La conocí cuando ella y su hijo Ricardo vivían en una casa de la calle Joaquín Sama. Me invitaron a comer y no recuerdo si fue en esa ocasión cuando probé el pollo con almendras que hacía, sin duda el más rico que he probado en mi vida. Cada vez que, a lo largo de los años, me ha invitado a su casa a comer, siempre me esperaba ese pollo con almendras, exquisito, que sabía que me pirraba. Porque ella, Leopolda, Leo, Leíto para mí, era una mujer generosísima que me abrió las puertas de su casa de par en par y me ofreció todo lo que tenía, fuera mucho o poco. Abierta, alegre, valiente, luchadora, con una extraordinaria capacidad de sacrificio, fue capaz de imponerse a la sociedad pacata, clasista y miserable de aquellos oscuros años 50, y criar sola a su hijo saltándose todas las alternativas convencionales e hipócritas que pudieran habérsele ofrecido para hacerle, por utilizar el lenguaje engolado y falso de la época, un hombre de provecho. Mi amigo, su hijo Ricardo, me agradecía este martes, en un segundo correo, mis años de cariño a su madre. Y ella, ya ven, se ha ido sin que yo, zángano y descuidado, pudiera agradecerle como se merecía el que ella me demostró siempre.

Este martes nefando que acabó mal, tampoco empezó bien. Digo que debía acudir a dos citas médicas en el Hospital Universitario de Badajoz. La primera en Radiología para someterme a una resonancia magnética y que allí descubrieran el camino que ha tomado mi puñetera próstata. Y la segunda en Cardiología, para ver si mi corazón es más grande de lo que debe ser. La verdad es que cada vez que entro por las puertas semafóricas de ese complejo hospitalario, me acuerdo del infierno de Dante y del lema que figuraba a su entrada: «Lasciate ogni speranza, voi ch'entrate», o sea, «Abandonad toda esperanza, los que aquí entráis». Es, sin duda, una pose injusta de jubilado, porque si estoy citado es porque los que cuidan de mi salud quieren tener todos los datos necesarios para seguir aliviándome de la mejor manera posible. Aunque eso suponga, como es mi caso, que una vez que entras en ese recinto por primera vez, ya es difícil que no tengas que volver a hacerlo periódicamente. En la página Web del SES, que funciona bastante bien, a esas citas de ‘haber hecho presa’ las califican como “sucesiva”, que siempre deja la puerta abierta a que haya otra u otras más. En cualquier caso la culpa de mis regresos ‘sucesivos’ son, sin duda, de mis peplas y mis quebrantos y no de quienes tratan de curarlos. En mi caso, y por mi experiencia, sólo tengo motivos de agradecimiento a su profesionalidad y a su trato. Además de estar convencido de que, gracias a ellos, aquí sigo operativo a pesar de mis achaques físicos. Mis manías y mi TOC son harina de otro costal que no me producen inquietud, temor, ansiedad o aprensión que me imposibiliten, de momento, llevar una vida medianamente normal. Entre otras cosas porque creo que forman parte de mi idiosincrasia y de mis genes. Y, como dijo aquel, “así nací y así moriré, se ponga dios de frente o de revés”. Pues eso.

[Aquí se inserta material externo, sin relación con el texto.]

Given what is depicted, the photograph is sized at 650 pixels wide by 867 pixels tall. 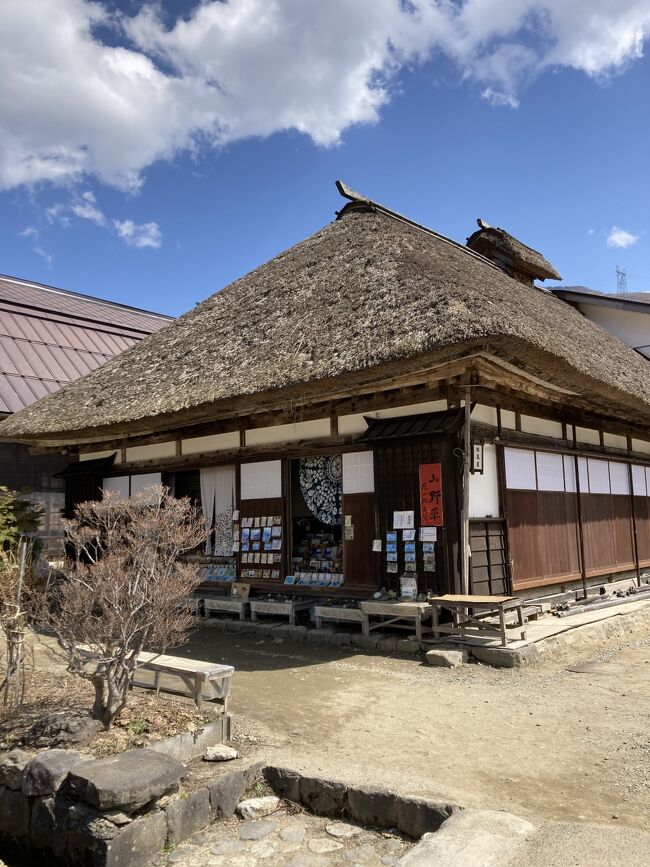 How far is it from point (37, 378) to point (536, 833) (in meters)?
13.2

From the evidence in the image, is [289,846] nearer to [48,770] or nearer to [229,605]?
[48,770]

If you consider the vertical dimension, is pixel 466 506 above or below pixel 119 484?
below

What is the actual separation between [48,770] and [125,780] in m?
0.55

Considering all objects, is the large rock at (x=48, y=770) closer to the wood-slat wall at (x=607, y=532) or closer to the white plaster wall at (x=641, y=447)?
the wood-slat wall at (x=607, y=532)

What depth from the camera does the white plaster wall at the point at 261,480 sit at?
341 inches

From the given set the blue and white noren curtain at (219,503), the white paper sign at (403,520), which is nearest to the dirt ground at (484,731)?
the white paper sign at (403,520)

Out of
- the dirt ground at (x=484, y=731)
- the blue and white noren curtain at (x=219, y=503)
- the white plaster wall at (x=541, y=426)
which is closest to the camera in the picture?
the dirt ground at (x=484, y=731)

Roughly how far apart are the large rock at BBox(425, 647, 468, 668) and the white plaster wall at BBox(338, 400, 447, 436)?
261cm

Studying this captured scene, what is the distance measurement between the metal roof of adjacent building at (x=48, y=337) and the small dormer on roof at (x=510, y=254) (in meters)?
9.50

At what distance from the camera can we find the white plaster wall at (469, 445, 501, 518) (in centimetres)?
715

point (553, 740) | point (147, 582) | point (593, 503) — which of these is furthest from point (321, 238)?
point (553, 740)

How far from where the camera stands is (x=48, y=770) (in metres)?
3.37

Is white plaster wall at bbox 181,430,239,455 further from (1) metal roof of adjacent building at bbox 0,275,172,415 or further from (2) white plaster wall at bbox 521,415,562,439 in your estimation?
(1) metal roof of adjacent building at bbox 0,275,172,415

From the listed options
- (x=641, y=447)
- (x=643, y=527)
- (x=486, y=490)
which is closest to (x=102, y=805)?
(x=486, y=490) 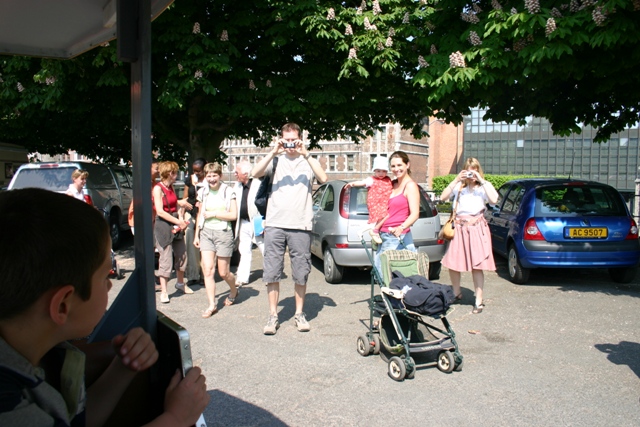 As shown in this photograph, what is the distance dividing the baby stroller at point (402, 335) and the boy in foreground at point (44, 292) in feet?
12.3

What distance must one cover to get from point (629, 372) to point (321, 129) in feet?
44.6

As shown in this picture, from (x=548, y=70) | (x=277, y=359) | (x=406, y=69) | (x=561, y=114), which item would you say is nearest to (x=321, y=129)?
(x=406, y=69)

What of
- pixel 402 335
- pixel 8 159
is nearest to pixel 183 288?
pixel 402 335

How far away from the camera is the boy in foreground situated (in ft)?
3.72

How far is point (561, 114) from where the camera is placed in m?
11.7

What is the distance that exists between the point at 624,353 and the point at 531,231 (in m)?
3.54

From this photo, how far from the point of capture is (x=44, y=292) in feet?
3.84

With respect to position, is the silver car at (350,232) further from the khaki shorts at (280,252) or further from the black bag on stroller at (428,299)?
the black bag on stroller at (428,299)

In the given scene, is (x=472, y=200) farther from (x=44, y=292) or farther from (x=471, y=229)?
(x=44, y=292)

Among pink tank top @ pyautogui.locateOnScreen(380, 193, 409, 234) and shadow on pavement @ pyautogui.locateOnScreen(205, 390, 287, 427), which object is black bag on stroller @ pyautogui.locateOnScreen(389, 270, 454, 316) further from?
pink tank top @ pyautogui.locateOnScreen(380, 193, 409, 234)

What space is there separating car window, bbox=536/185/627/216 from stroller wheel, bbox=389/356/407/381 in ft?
17.1

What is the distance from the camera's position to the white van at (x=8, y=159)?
22.8 meters

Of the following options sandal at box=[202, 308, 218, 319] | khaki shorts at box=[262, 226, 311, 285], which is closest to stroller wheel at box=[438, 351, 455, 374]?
khaki shorts at box=[262, 226, 311, 285]

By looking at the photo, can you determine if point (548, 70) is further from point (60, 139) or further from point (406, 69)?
point (60, 139) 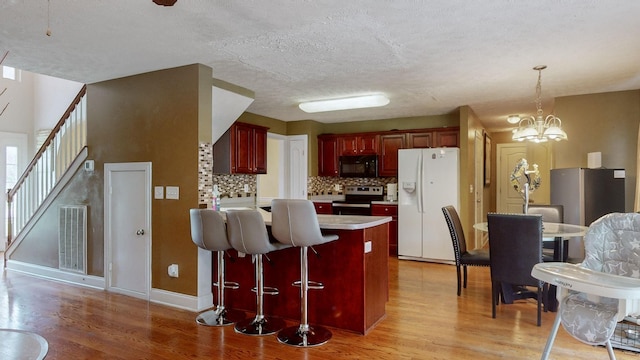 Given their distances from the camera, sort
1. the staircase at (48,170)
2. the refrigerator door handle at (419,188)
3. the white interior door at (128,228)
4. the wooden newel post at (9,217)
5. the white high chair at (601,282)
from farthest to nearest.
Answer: the refrigerator door handle at (419,188) < the wooden newel post at (9,217) < the staircase at (48,170) < the white interior door at (128,228) < the white high chair at (601,282)

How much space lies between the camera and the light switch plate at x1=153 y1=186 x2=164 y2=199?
13.0 feet

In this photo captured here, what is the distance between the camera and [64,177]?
4887mm

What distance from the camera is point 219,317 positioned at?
11.3 feet

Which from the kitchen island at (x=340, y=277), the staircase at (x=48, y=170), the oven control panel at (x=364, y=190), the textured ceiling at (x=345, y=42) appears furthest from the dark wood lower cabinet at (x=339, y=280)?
the oven control panel at (x=364, y=190)

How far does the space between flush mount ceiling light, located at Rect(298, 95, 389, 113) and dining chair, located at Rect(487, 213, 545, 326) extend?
2188 mm

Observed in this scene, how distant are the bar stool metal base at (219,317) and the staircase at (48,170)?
2.59 m

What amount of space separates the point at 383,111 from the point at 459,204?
1886 millimetres

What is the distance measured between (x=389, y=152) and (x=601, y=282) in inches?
194

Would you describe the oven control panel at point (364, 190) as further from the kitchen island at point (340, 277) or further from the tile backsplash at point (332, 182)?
the kitchen island at point (340, 277)

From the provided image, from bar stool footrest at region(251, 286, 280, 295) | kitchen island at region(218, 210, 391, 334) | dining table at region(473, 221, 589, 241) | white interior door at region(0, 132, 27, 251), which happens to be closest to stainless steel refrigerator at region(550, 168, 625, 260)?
dining table at region(473, 221, 589, 241)

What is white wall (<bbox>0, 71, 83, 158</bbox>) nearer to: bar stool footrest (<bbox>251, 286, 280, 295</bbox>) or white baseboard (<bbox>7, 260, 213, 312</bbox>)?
white baseboard (<bbox>7, 260, 213, 312</bbox>)

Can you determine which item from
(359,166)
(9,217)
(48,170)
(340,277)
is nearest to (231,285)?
(340,277)

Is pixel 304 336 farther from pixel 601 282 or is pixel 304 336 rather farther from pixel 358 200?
pixel 358 200

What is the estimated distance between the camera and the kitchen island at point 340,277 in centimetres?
315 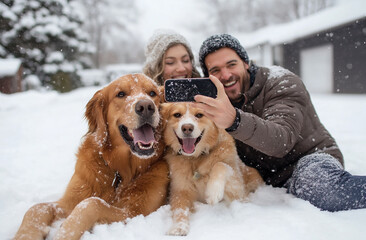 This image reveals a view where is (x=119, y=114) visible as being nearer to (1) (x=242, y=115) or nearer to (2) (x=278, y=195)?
(1) (x=242, y=115)

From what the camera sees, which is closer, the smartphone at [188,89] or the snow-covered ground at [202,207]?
the snow-covered ground at [202,207]

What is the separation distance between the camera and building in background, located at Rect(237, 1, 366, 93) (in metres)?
13.7

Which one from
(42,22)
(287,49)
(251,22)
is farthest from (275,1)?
(42,22)

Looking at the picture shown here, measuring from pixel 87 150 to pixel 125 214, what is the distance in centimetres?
77

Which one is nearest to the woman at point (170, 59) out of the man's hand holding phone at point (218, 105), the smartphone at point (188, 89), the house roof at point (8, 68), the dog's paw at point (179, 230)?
the smartphone at point (188, 89)

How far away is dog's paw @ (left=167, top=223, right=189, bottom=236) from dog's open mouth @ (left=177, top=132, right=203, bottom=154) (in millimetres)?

En fin, Leíto, esta vida es a veces un pispás de recuerdos que vienen y se posan y aletean por un aire que ahora les es ajeno. Un manojo de sueños que lanzamos al viento y después pretendemos recuperar de nuevo, cuando ya es imposible ‘remendar sus retazos’. Pero, qué quieres que te diga que no sepas: a los vivos nos queda la nostalgia como excusa apagada de la culpa. Y el húmedo dolor de cada lágrima, discreta y comprensiva, que brota ojos adentro para no descubrir nuestros errores.